For his entire tenure in Philadelphia, one of the biggest complaints about the now-departed Ilya Bryzgalov was his inability to ‘steal’ a game when the team was not at his best. I would argue that, while he turns in the occasional shoddy performance, this is Mason’s biggest draw to a team pining to make a Stanley Cup run. The 25-year old has shown a special ability to make big saves in bunches and has allowed the team to pick up points in games where they had little business doing so.
Since the team started 1-7-0, the Flyers have earned points in 24 of Mason’s 31 starts. Given the nature of hockey’s scheduling and the silver-lining of losing games in shootouts or overtime, these points are essential in positioning a team to make the playoffs.
Steve Mason extension, first reported by @Real_ESPNLeBrun is 3 years, $12.3M.
— Elliotte Friedman (@FriedgeHNIC) January 18, 2014
At just over $4 million a year for three seasons, Mason will be in the middle of the pack as far as annual salaries go for goaltenders. Given the fact that, at points of his career at least, Mason has displayed top-tier talent and the ability to put a team on his back it is tough to get upset with this deal. With just three years on the contract, the Flyers will have plenty of time to see if Mason can re-establish himself as a championship-caliber starting goaltender without tying themselves to him like they did with Bryzgalov.
Mason has had some incredible games as a Flyer with largely ineffective defensive corps in front of him. He is the prototypical mold of an elite goalie (6’4″, lightning-quick reactions and foot-speed, competitive) one just has to hope the sort of struggles that haunted him in Columbus do not resurface in Philadelphia, a city notorious for their relationships with the team’s goaltenders.
The Flyers are an organization that makes decisions quickly and stands by them. By not wasting time on choices they see as a formality, the franchise is constantly able to look for new ways to do what they think can improve the team to a championship contender. While there will be those that question the timing of this move, given a relatively small sample size by Mason, its tough to poke too many holes in it. They’re not paying Mason like a top-five goalie and they’re not locking him up for the next decade.
In the NHL, young players who appear on the cusp of stardom are given ‘Bridge Deals’. It is a way of the organization locking up a potentially elite talent for a few years rather than risking their hesitancy to sign him to a long-term contract cost them in the end. Montreal’s P.K. Subban was given a two-year/$5.75 million contract prior to last season. He probably figured he was in store for a bigger payday, but this was the Canadiens way of giving themselves an out with a player who, while talented as any in the league, had not done enough to warrant a Ryan Suter-like contract. Subban went on to win the Norris Trophy for the NHL’s best defenseman and is in store for a monstrous contract, either via free agency or an extension with Montreal.

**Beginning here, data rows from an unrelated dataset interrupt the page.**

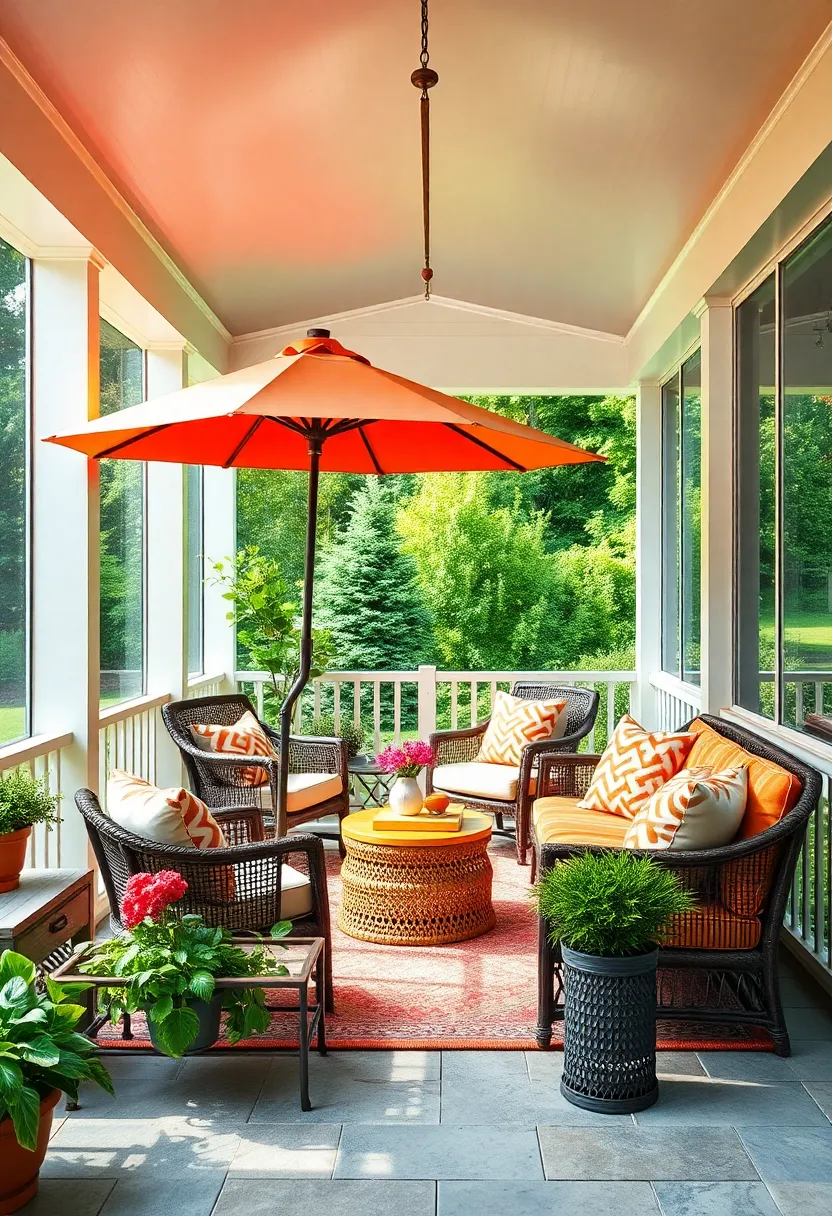 Opt for ⁣a bright umbrella or canopy⁣ to ⁢provide‌ shade and a pop of color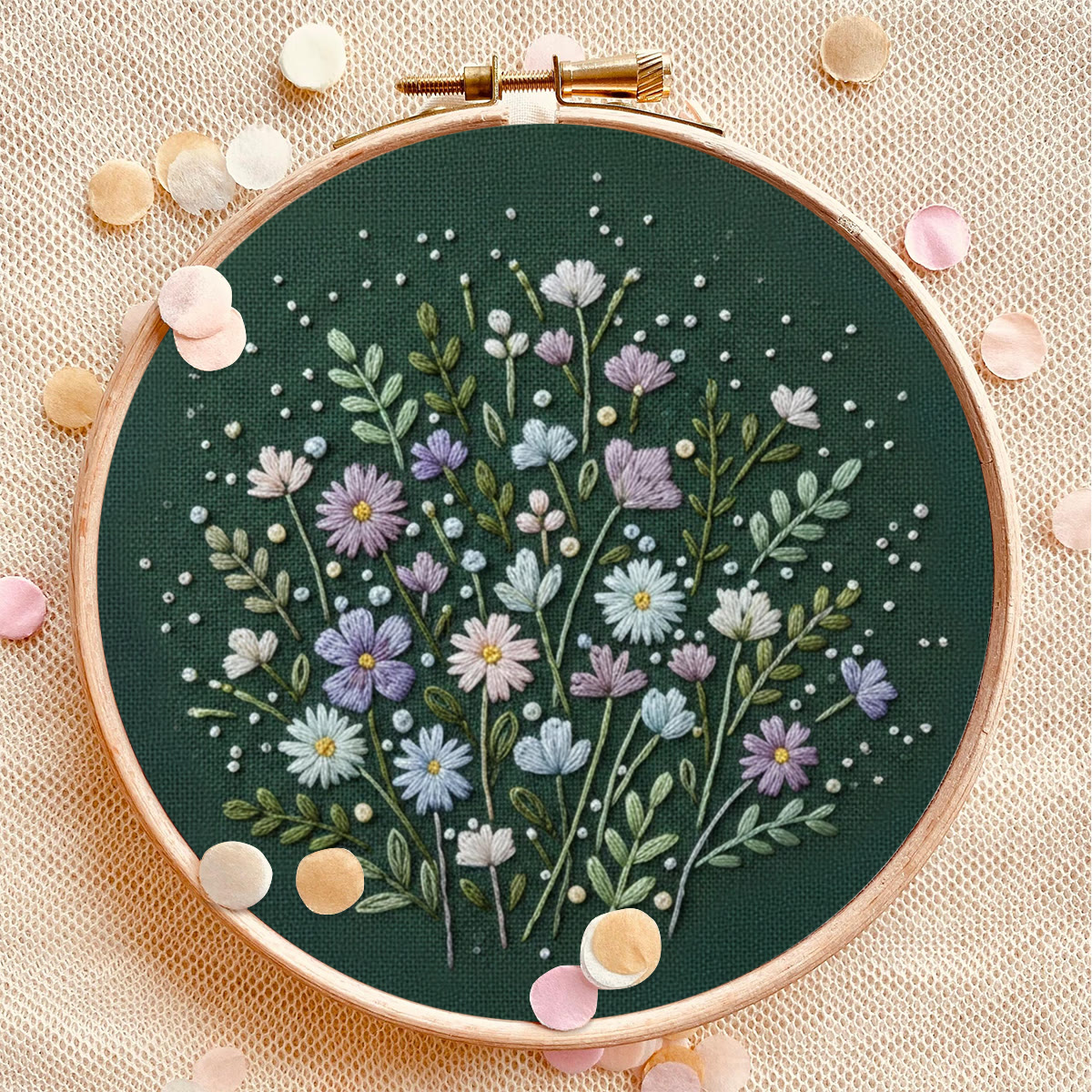 Rubbyoo Embroidery Kit - Dark-Background Soft Floral Cluster | Fresh Home Decor Hanger | Newbie-Friendly Hand Stitch - image 9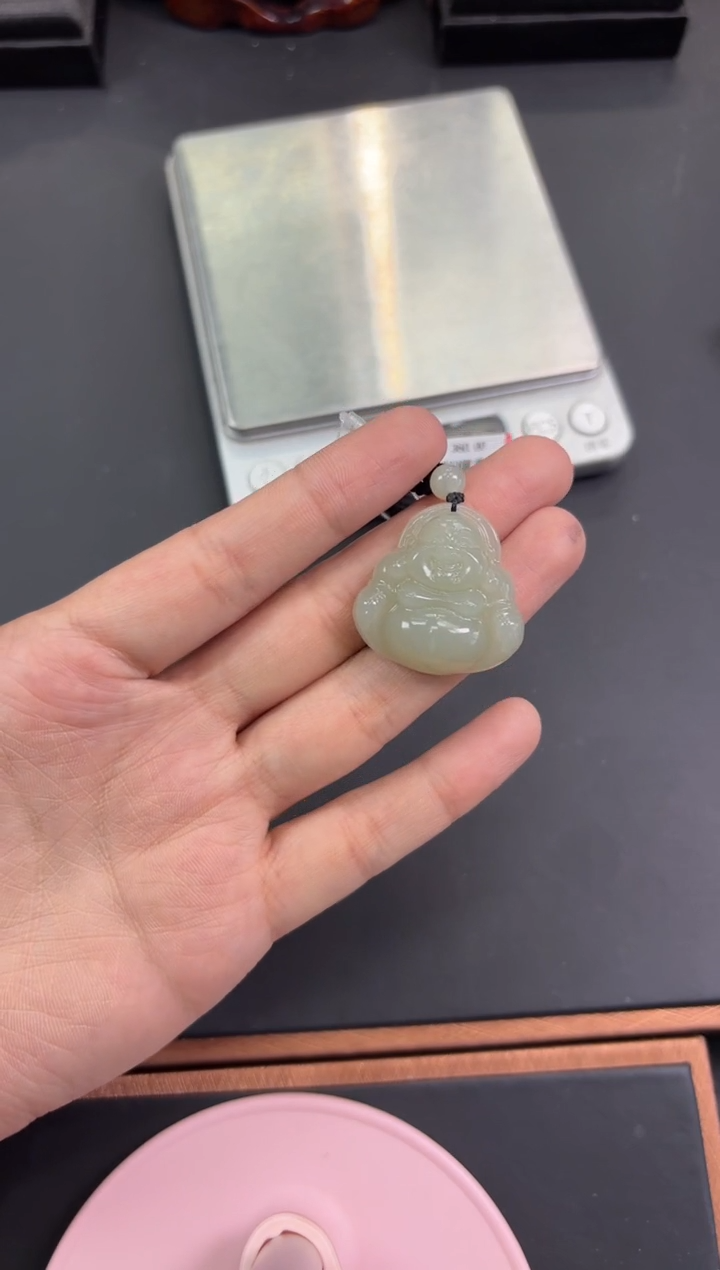 【闪购商品】和田玉吊坠(赠链)未镶嵌且末微色差近矿吊坠
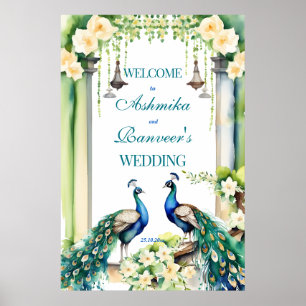 Poster Cartaz de boas-vindas do casamento indiano Peacock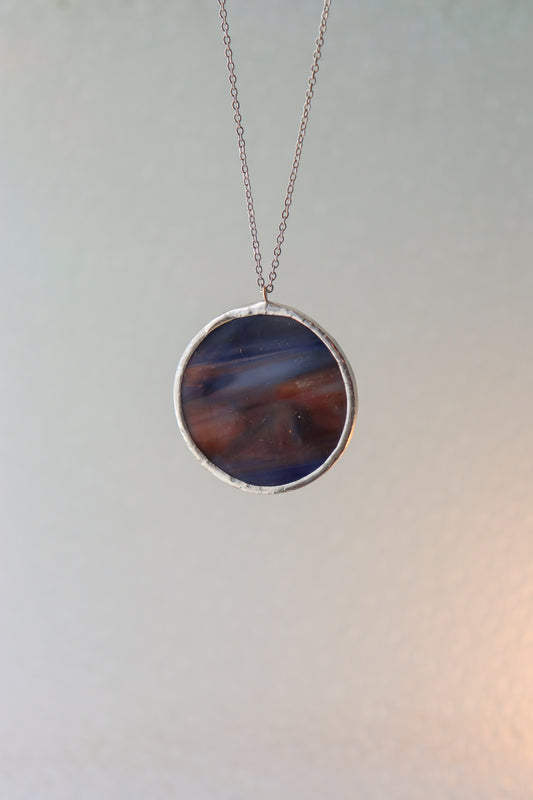 Large circle necklace / Brown and blue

This is essentially what the Flyers are doing with Mason. At 25, he has shown the talent necessary to launch himself into the NHL’s elite at his position. However, he does have a track record of veering off course and signing him to a long-term, big money extension would be bad business by the Flyers. Instead, the team is locking up a potentially world-class talent for a reasonable price and asking him to go out and get his next big contract. He is still young enough that, given a few years of progress and consistency, he can still earn a deal along the likes of the Pekka Rinnes and Henrik Lundqvsits of the world.
While I still question as to whether this year’s Flyers team has the makeup of a playoff contender, I am a fan of this move. Mason has been a refreshing presence in the Philadelphia locker room and, between his growing confidence and accountability, I think the Flyers actually made a smart move from a numbers and timing standpoint.